I finished university TWO YEARS ago, first class degree, great uni, but have been struggling immensely to get a proper job. I have been working as a steward for G4S for 2 years, minimum wage, 0 hour contract, sometimes months without doing anything for them.
Living with my parents. I was getting to the point where I couldn't enjoy life because I felt guilty if I was having fun, I should be looking for a job! I was starting to think something about me was unhireable, is my accent putting everyone off? Do I have a bad personality? Is everyone just miles better than me? I started to think, its been 2 years since I started looking for a job, anyone I'm applying too now knows that, even if I'm great will they still think there must be something wrong with me that they haven't seen, otherwise why wouldn't I already have a job? These and much more thoughts like them. It was getting so hard to continue sticking to my principals, being perfectly honest in interviews, only applying for jobs which I love and know I would enjoy, following my passions.
I can however proudly say that over 2 years after starting my search, I have been offered pretty much my dream job (maybe the pay isn't dreamy, but that comes later in the career I think).
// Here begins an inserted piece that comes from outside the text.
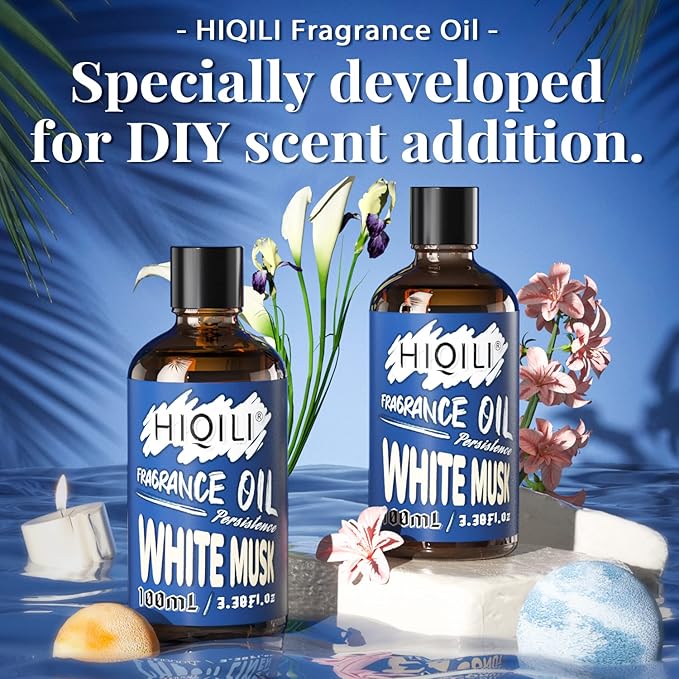 HIQILI Fragrance Oil White Musk 100ml for Candle Soap Making, Essential Oils for Diffuser Aromatherapy, Scented Oils for Home Car 3.38 Fl.Oz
I was offered the role 2 days after interviewing, because they were so keen to get me before anyone else did. Being told that, after all I have been through was surreal.
Point I am making, to anyone that reads this who is in the position I was, do not give up hope. Do not give in to the thoughts that there is something wrong with you and you should just lower your ambitions. You are great, and you are perfect for the role you are meant for, you just have to find it. It may take some time, but it will for most, people going straight into jobs while you are still looking are extremely lucky, but so are you, they won't develop the same resilience as you, the same appreciation for work or the same passion. Embrace the adversity, let it make you stronger, keep honing interview skills at every interview you get, do something simple - stewarding, bar work - that will give you competency examples like teamwork, decision making and communication.
Hope at least one person reads this who it helps, I know reading things like this, that simply confirmed there were others in my shoes struggling to get a "real" job after uni, really made me feel a bit better.